We employ state of the art deep neural network learning and signal processing techniques to automate the identification of elephant calls. In addressing this problem, we also explore new methods for tackling heavy data imbalance in the number of audio examples containing elephant calls as opposed to unrelated events, a challenge prevalent in passive acoustic monitoring.
Results/Conclusions
Our proposed convolutional bidirectional long short-term memory (LSTM) recurrent neural network (RNN) model improves on the state of the art for detecting elephant calls. Specifically, our model cuts down on the amount of data that human annotators need to inspect by 98%. This is achieved with a recall of 96% and a precision of 21%. While this corresponds to about 80% being false positives, this is extremely useful to conservationists resulting in a significant reduction in expensive and time-intensive human labelling.

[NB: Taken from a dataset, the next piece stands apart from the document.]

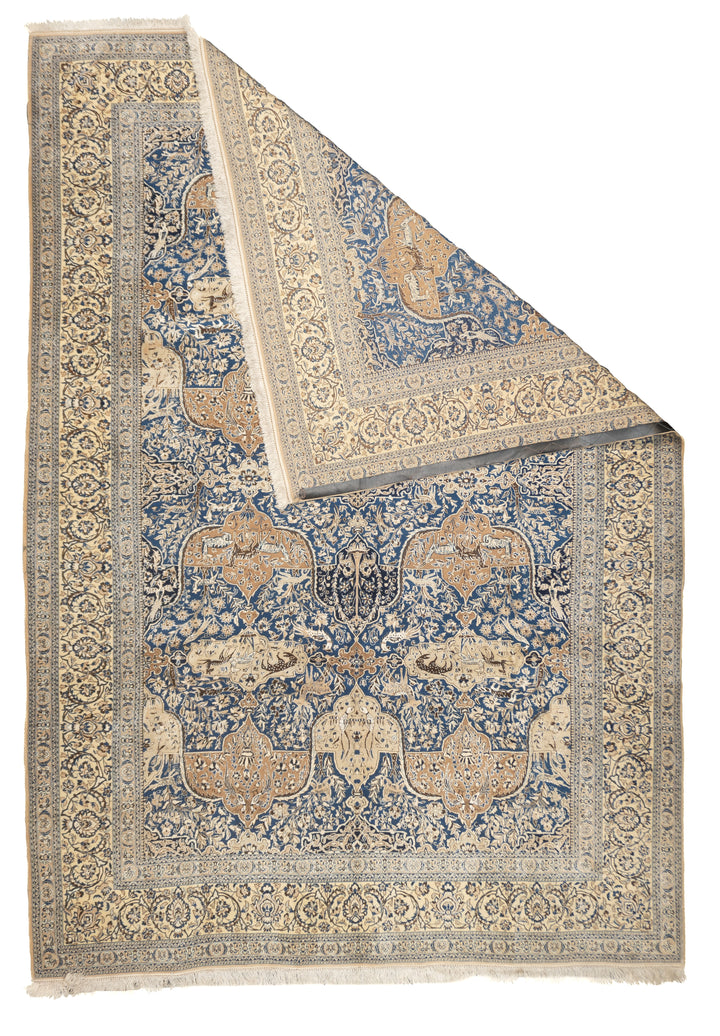 Extremely Fine Antique Persian Nain Rug 8'2'' x 11'6''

To further improve our results and cut on the amount of human supervision for false positive elimination, we look primarily to tackle issues in large scale data imbalance. We employ a digital signal preprocessing approach to eliminate background noise, simplifying the learning task for our model. Additionally, we explore two methods for addressing the massive data imbalance. On one hand we consider the use of an adapted loss function that dynamically weighs training examples that challenge the classifier. On the other hand we propose a novel two stage approach that judiciously highlights challenging negative samples for learning, while maintaining a balanced training regime not to bias classification results. Overall our approach significantly improves the automation of elephant call detection.